The way Google Scholar pulls research from around the internet, according to the recent team, does not screen out papers whose authors lack a scientific affiliation or peer-review; the engine will pull academic bycatch—student papers, reports, preprints, and more—along with the research that has passed a higher bar of scrutiny.

The team found that two-thirds of the papers they studied were at least in part produced through undisclosed use of GPTs. Of the GPT-fabricated papers, the researchers found that 14.5% pertained to health, 19.5% pertained to the environment, and 23% pertained to computing.

“Most of these GPT-fabricated papers were found in non-indexed journals and working papers, but some cases included research published in mainstream scientific journals and conference proceedings,” the team wrote.

The researchers outlined two main risks brought about by this development. “First, the abundance of fabricated ‘studies’ seeping into all areas of the research infrastructure threatens to overwhelm the scholarly communication system and jeopardize the integrity of the scientific record,” the group wrote. “A second risk lies in the increased possibility that convincingly scientific-looking content was in fact deceitfully created with AI tools and is also optimized to be retrieved by publicly available academic search engines, particularly Google Scholar.”

Because Google Scholar is not an academic database, it is easy for the public to use when searching for scientific literature.

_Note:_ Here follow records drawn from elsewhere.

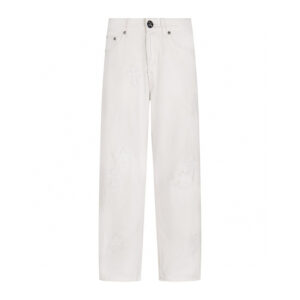 Chrome Hearts White Tonal Cross Star Patch Jeans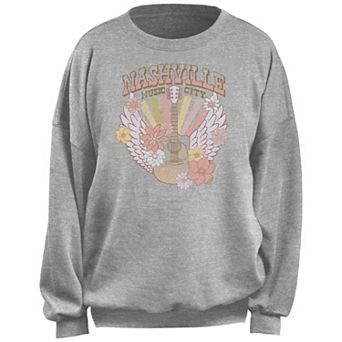Juniors' Nashville Music City Guitar Wings Flowers Rainbow Fleece Pullover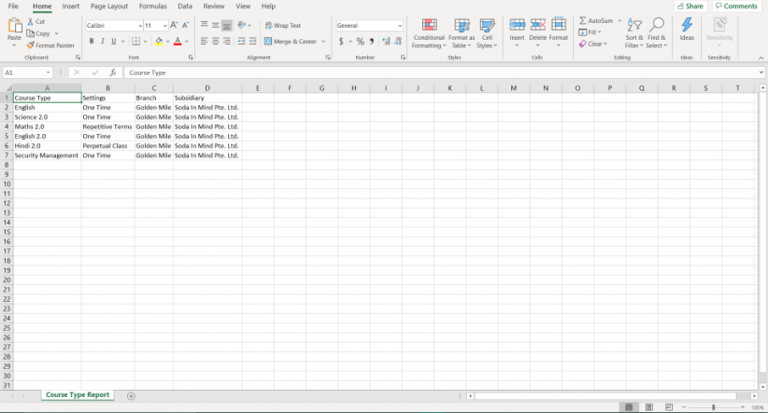 Course Type Reports in CSV-3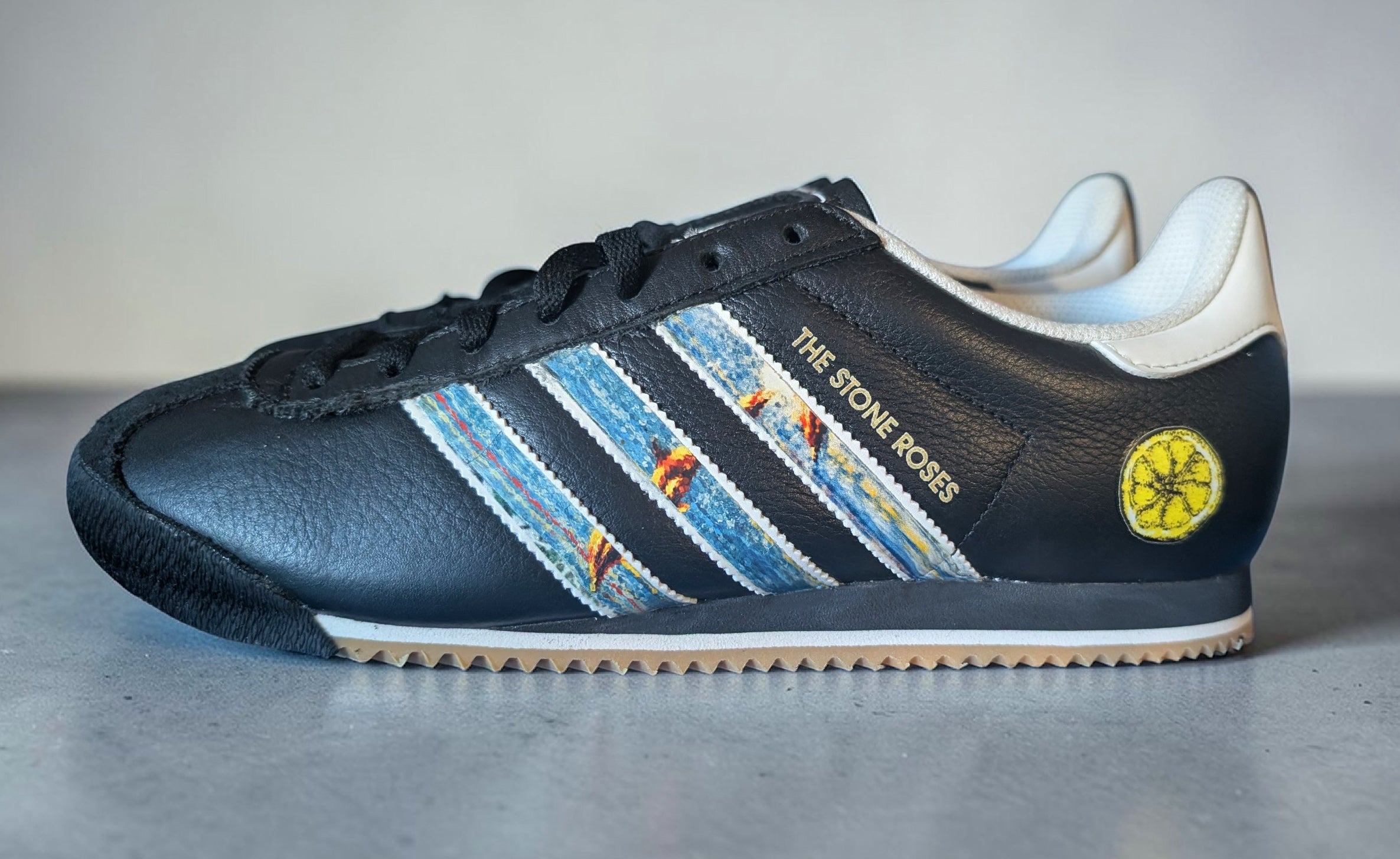 Limited edition The Stone Roses Fools gold black / white Adidas custom Kick 76 trainers / sneakers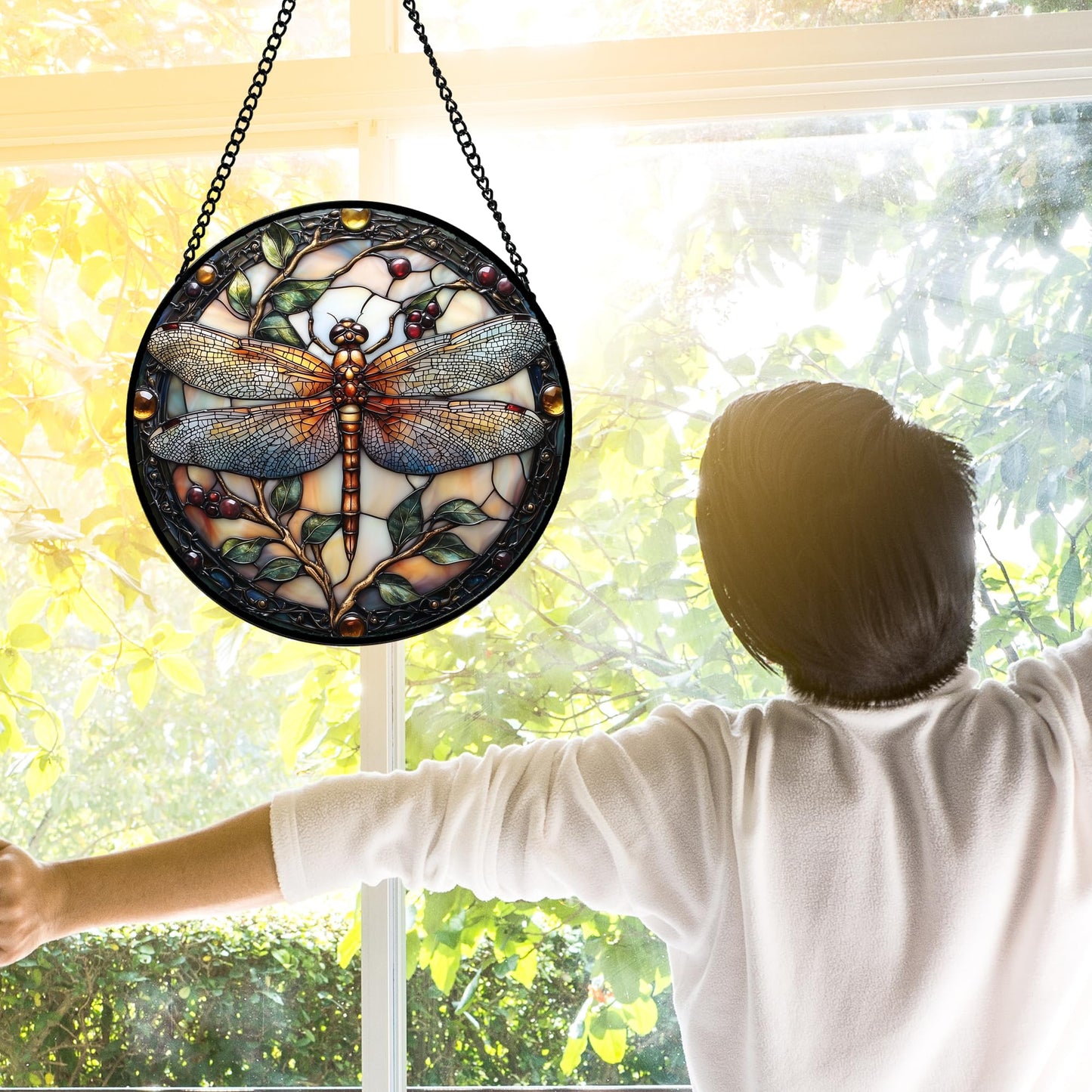 DASTOLL Stained Glass Window Hanging - Dragonfly Plant Suncatcher Ready to Hang Window Doors Home Decoration, Christmas, Mother's Day Birthday Gifts for Women, Men, and Mom 6.3X6.3IN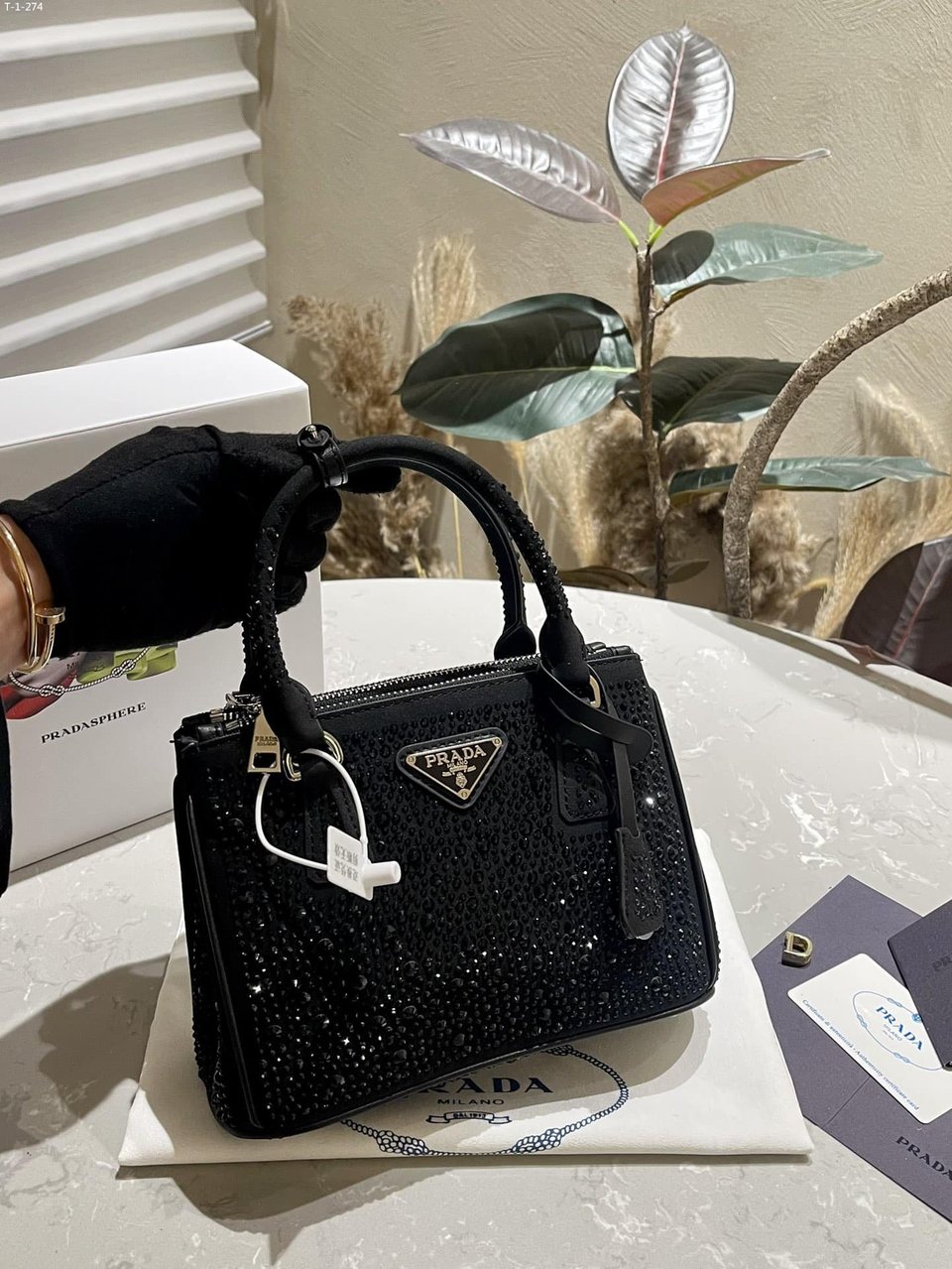 Prada Galleria Satin Mini Bag With Crystals Black 23Cm view 3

That’s good. Unfortunately, it is harder for members of the public to separate the wheat from the chaff when it comes to reputable journals; even the difference between a piece of peer-reviewed research and a working paper can be confusing. Besides, the AI-generated text was found in some peer-reviewed works as well as those less-scrutinized write-ups, indicating that the GPT-fabricated work is muddying the waters throughout the online academic information system—not just in the work that exists outside of most official channels.

“If we cannot trust that the research we read is genuine, we risk making decisions based on incorrect information,” said study co-author Jutta Haider, also a researcher at the Swedish School of Library and Information Science, in the same release. “But as much as this is a question of scientific misconduct, it is a question of media and information literacy.”

In recent years, publishers have failed to successfully screen a handful of scientific articles that were actually total nonsense. In 2021, Springer Nature was forced to retract over 40 papers in the Arabian Journal of Geosciences, which despite the title of the journal discussed varied topics, including sports, air pollution, and children’s medicine. Besides being off-topic, the articles were poorly written—to the point of not making sense—and sentences often lacked a cogent line of thought.

Artificial intelligence is exacerbating the issue. Last February, the publisher Frontiers caught flak for publishing a paper in its journal Cell and Developmental Biology that included images generated by the AI software Midjourney; specifically, very anatomically incorrect images of signaling pathways and rat genitalia. Frontiers retracted the paper several days after its publication.

AI models can be a boon to science; the systems can decode fragile texts from the Roman Empire, find previously unknown Nazca Lines, and reveal hidden details in dinosaur fossils. But AI’s impact can be as positive or negative as the human that wields it.

Peer-reviewed journals—and perhaps hosts and search engines for academic writing—need guardrails to ensure that the technology works in service of scientific discovery, not in opposition to it.